Pernyataan ini hampir menjadi aksioma yang diterima oleh semua orang, yang
kemudian sering dilupakan dan diabaikan tatkala seseorang melakukan penelitian.
Penting sekali untuk selalu disadarkan kembali hal ini sebelum seseorang
melakukan eksperimen atau menyusun suatu teori motivasi yang sehat.
B.Hirarki
Kebutuhan
Maslow mengembangkan
teori tentang bagaimana semua motivasi saling berkaitan. Ia menyebut teorinya
sebagai “hirarki kebutuhan”. Kebutuhan ini mempunyai tingkat yang berbeda-beda.

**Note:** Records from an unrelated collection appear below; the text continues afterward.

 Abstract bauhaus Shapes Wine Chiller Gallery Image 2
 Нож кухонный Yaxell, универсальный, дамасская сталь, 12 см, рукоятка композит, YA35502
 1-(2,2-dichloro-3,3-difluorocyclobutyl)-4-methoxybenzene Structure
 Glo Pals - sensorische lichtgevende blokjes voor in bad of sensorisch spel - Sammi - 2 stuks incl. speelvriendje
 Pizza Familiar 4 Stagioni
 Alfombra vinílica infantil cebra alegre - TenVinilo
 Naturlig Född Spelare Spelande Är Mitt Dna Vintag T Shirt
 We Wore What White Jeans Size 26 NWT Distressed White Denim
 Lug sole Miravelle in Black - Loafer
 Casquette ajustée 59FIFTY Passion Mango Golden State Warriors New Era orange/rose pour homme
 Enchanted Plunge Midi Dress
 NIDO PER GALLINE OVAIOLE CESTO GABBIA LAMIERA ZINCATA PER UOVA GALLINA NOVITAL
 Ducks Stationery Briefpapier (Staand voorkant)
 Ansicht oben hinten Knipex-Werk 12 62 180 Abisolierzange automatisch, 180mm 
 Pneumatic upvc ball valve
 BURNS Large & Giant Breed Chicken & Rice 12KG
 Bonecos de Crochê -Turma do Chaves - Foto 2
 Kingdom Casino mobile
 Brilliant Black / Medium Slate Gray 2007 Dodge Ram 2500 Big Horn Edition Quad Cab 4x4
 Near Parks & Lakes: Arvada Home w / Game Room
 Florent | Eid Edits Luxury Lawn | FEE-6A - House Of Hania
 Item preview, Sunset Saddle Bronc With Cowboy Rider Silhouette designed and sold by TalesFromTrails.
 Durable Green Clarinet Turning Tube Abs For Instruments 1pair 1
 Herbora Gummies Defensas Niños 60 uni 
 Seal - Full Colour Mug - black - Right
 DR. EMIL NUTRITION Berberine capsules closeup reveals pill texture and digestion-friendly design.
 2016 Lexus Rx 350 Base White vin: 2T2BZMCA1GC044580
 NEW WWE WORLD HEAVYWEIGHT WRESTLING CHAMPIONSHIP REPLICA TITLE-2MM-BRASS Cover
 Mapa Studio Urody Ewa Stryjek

Ketika satu tingkat kebutuhan terpenuhi atau mendominasi, orang tidak lagi
mendapat motivasi dari kebutuhan tersebut. Selanjutnya orang akan berusaha
memenuhi kebutuhan tingkat berikutnya. Maslow membagi tingkat kebutuhan manusia
menjadi sebagai berikut:
1. Kebutuhan fisiologis: kebutuhan yang
dasariah, misalnya rasa lapar, haus, tempat berteduh, seks, tidur, oksigen, dan
kebutuhan jasmani lainnya.
2. Kebutuhan akan rasa aman: mencakup antara
lain keselamatan dan perlindungan terhadap kerugian fisik dan emosional.
3. Kebutuhan sosial: mencakup kebutuhan akan
rasa memiliki dan dimiliki, kasih sayang, diterima-baik, dan persahabatan.
4. Kebutuhan akan penghargaan: mencakup faktor
penghormatan internal seperti harga diri, otonomi, dan prestasi; serta faktor
eksternal seperti status, pengakuan, dan perhatian.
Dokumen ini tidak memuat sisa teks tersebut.